### Try it
Print the data that follows word for word, leaving out any picture.
═════ Data in this exercise
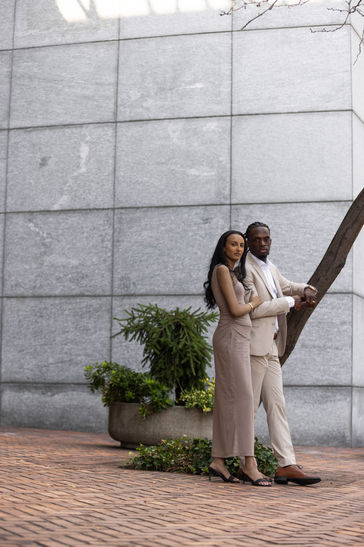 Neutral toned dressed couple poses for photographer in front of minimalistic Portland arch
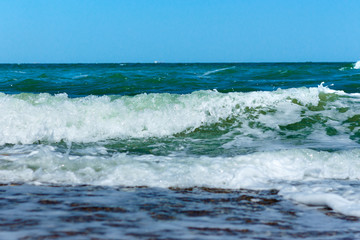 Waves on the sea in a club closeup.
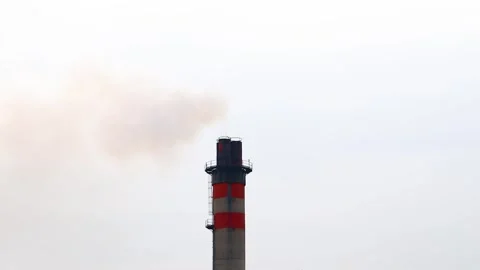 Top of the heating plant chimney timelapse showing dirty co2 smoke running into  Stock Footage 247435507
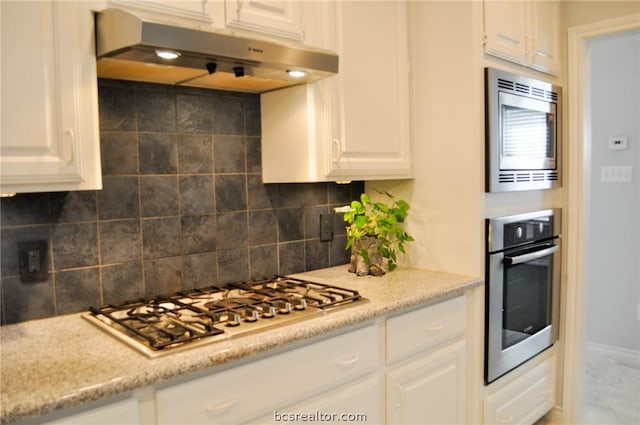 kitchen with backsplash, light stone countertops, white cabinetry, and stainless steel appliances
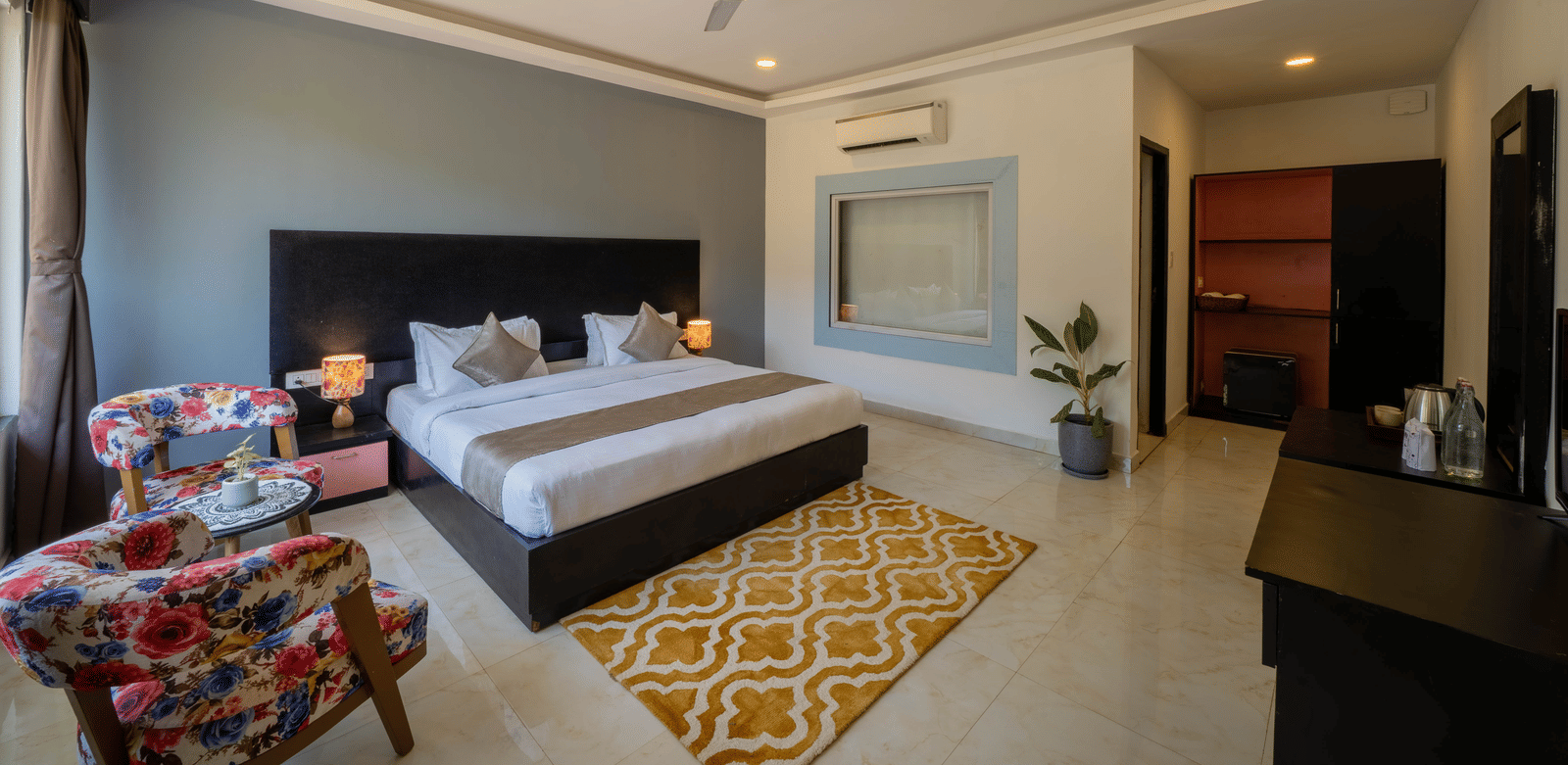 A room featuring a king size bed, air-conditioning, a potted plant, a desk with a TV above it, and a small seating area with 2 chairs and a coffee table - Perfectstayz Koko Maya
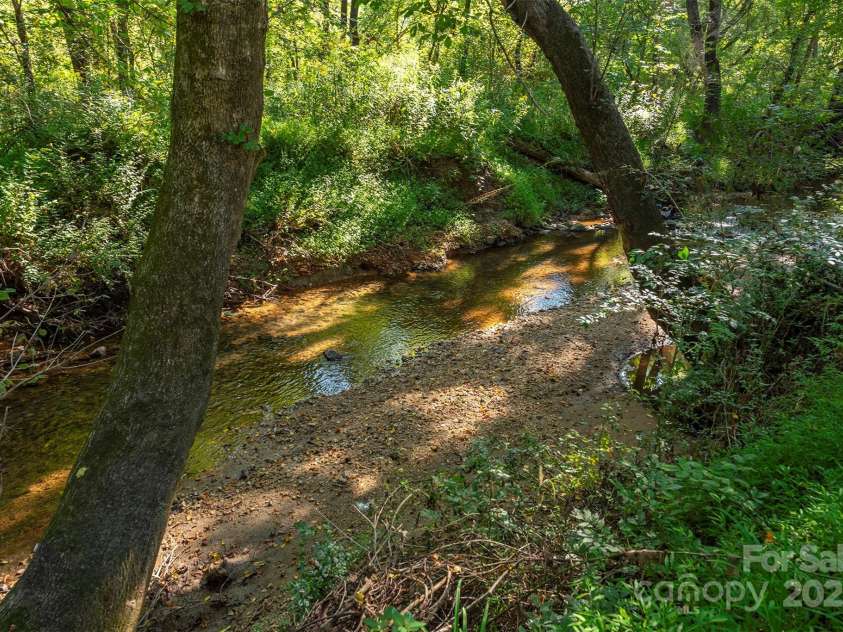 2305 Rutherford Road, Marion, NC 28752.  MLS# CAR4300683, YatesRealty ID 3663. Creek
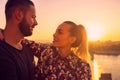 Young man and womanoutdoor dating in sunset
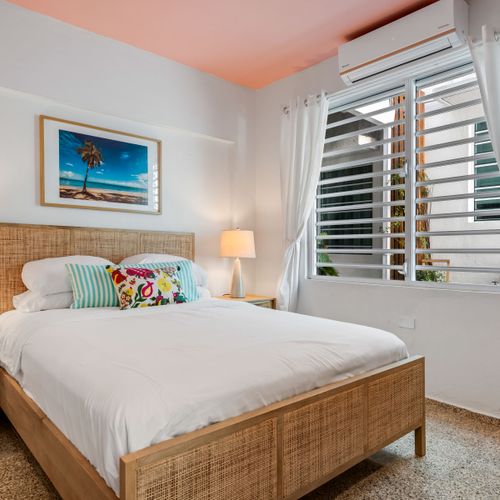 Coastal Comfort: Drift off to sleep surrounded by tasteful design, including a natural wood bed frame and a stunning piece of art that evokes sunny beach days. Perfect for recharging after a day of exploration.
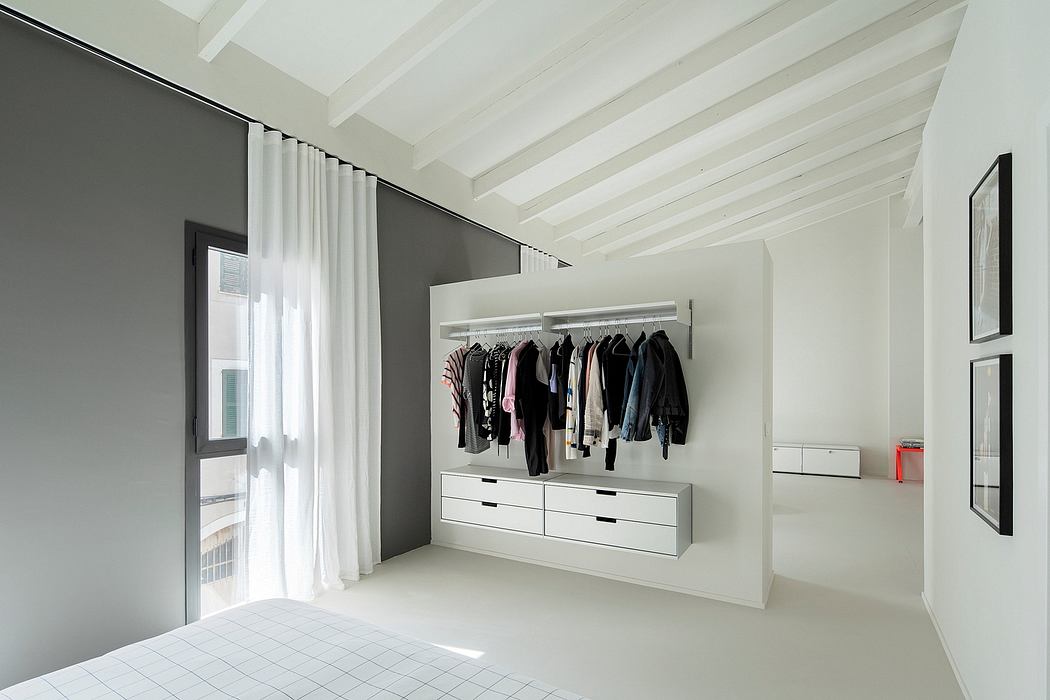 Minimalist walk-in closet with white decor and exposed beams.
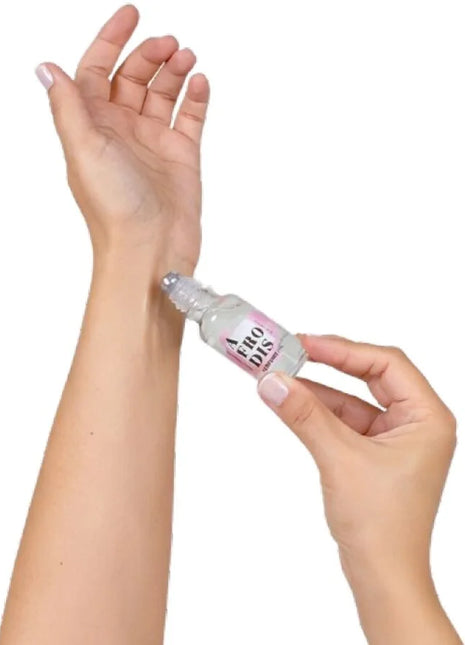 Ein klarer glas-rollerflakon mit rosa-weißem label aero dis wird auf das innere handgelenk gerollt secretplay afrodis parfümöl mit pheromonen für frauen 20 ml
══════════
### Solution for this problem
 Neutral toned dressed couple poses for photographer in front of minimalistic Portland arch
 Waves on the sea in a club closeup.
 Top of the heating plant chimney timelapse showing dirty co2 smoke running into  Stock Footage 247435507
 kitchen with backsplash, light stone countertops, white cabinetry, and stainless steel appliances
 A room featuring a king size bed, air-conditioning, a potted plant, a desk with a TV above it, and a small seating area with 2 chairs and a coffee table - Perfectstayz Koko Maya
 2305 Rutherford Road, Marion, NC 28752.  MLS# CAR4300683, YatesRealty ID 3663. Creek
 Young man and womanoutdoor dating in sunset
 Coastal Comfort: Drift off to sleep surrounded by tasteful design, including a natural wood bed frame and a stunning piece of art that evokes sunny beach days. Perfect for recharging after a day of exploration.
 Minimalist walk-in closet with white decor and exposed beams.
 Ein klarer glas-rollerflakon mit rosa-weißem label aero dis wird auf das innere handgelenk gerollt secretplay afrodis parfümöl mit pheromonen für frauen 20 ml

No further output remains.